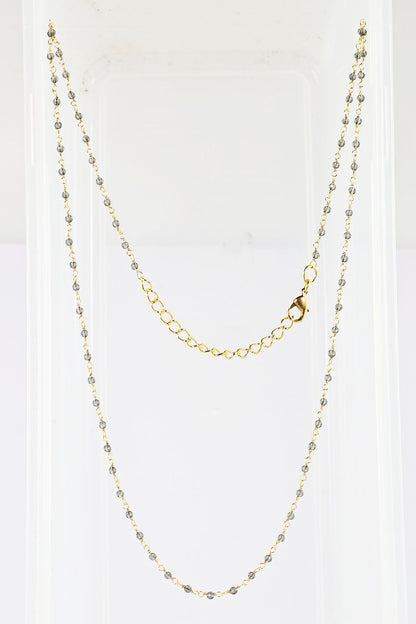 Euro gold and gem necklaces with many gem varieties A1A.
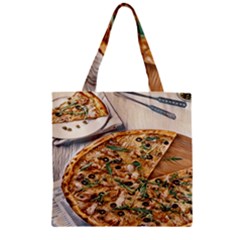 A Pizza A Day Takes The Sadness Away Zipper Grocery Tote Bag by ConteMonfrey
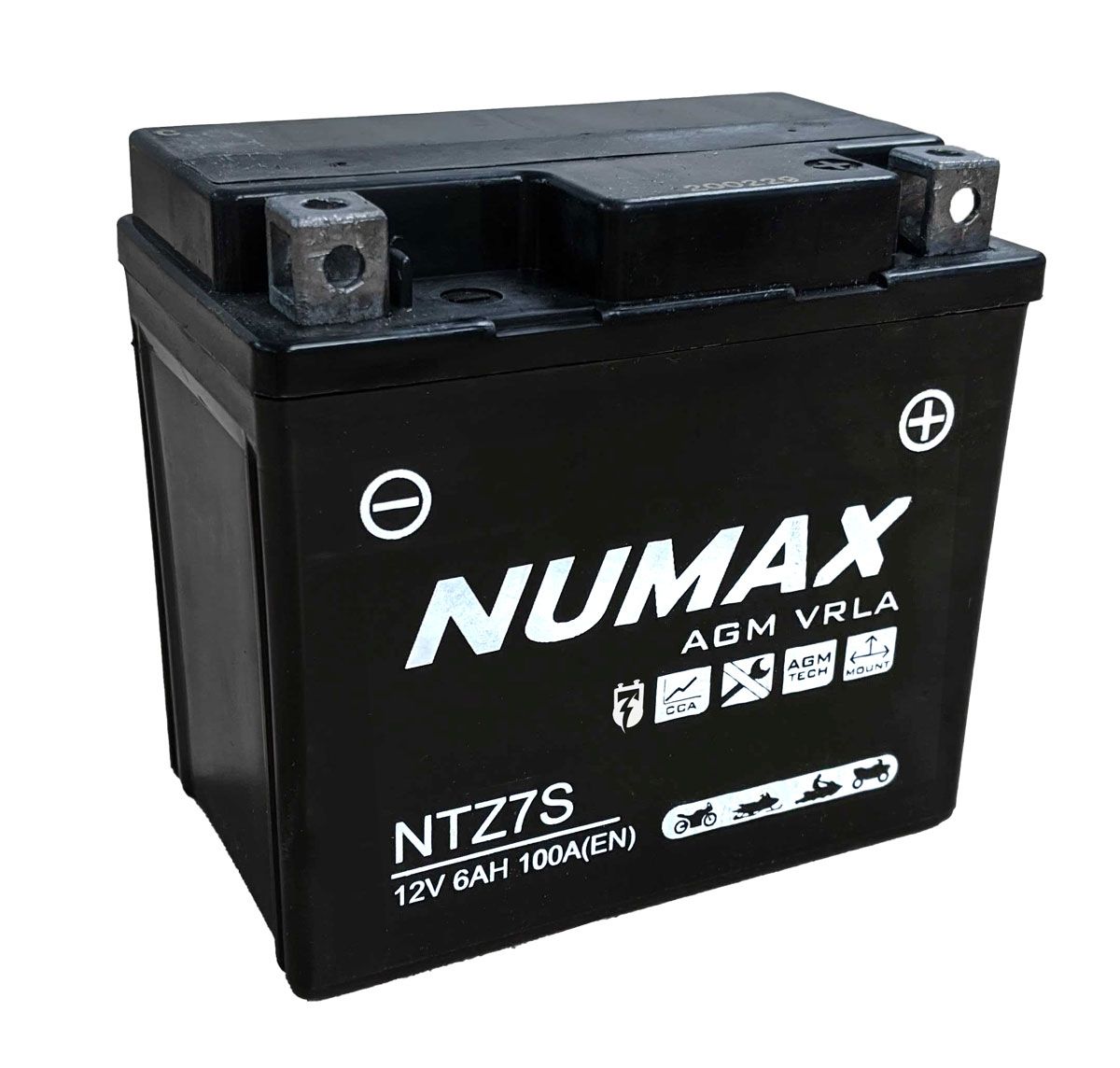 Numax NTZ7S AGM Motorcycle Battery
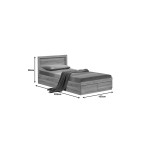 Κρεβάτι Olympus pakoworld με συρτάρι σε φυσική απόχρωση 100x200εκ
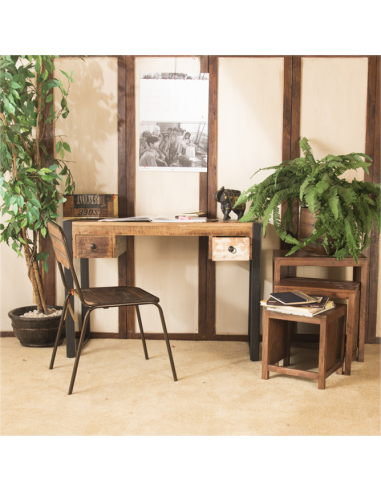 Tables gigognes en bois recyclé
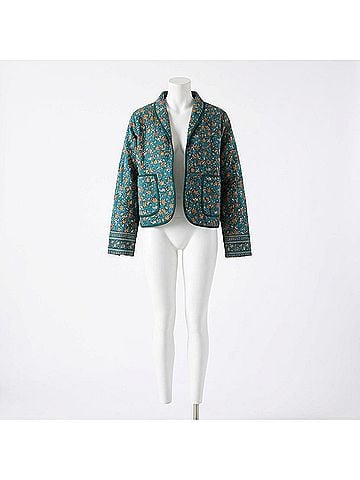 Trovata August Floral Jacket in Blue (view 2)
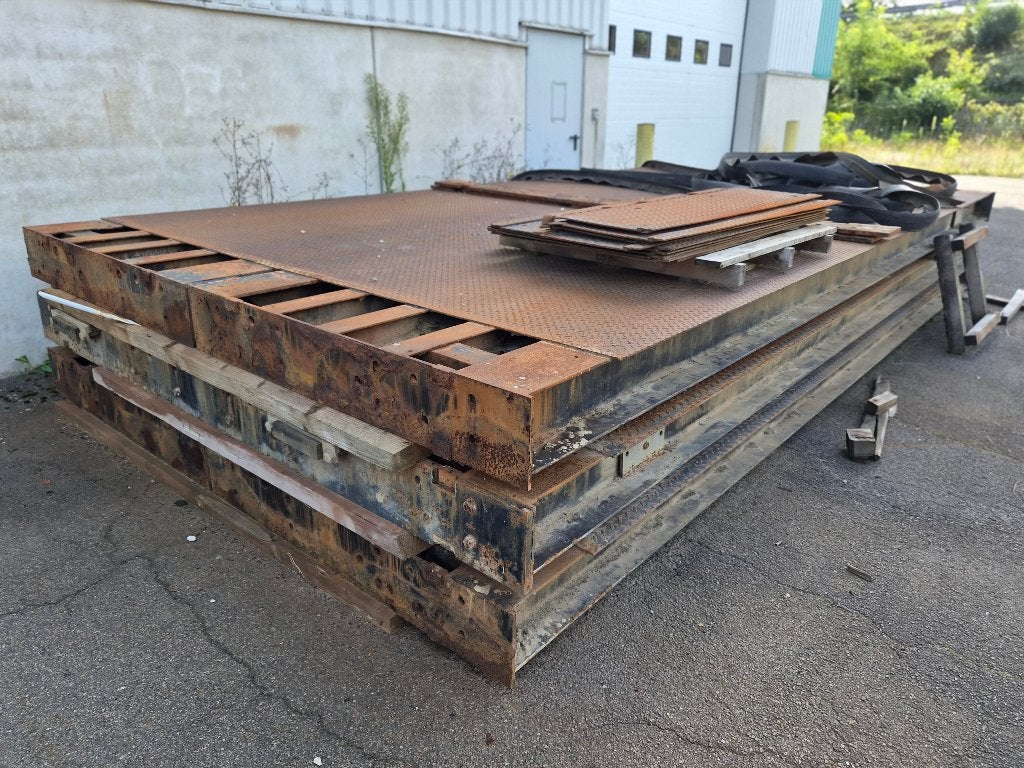 Weegbrug 60 ton, Ophalen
------------------------------
**Work instructions**
Output all of the listing above, exactly as given, but without its pictures.

**Exercise answer**
 Euro gold and gem necklaces with many gem varieties A1A.
 A Pizza A Day Takes The Sadness Away Zipper Grocery Tote Bag by ConteMonfrey
 Numax NTZ7S AGM Motorcycle Battery
 Κρεβάτι Olympus pakoworld με συρτάρι σε φυσική απόχρωση 100x200εκ
 Tables gigognes en bois recyclé
 Trovata August Floral Jacket in Blue (view 2)
 Weegbrug 60 ton, Ophalen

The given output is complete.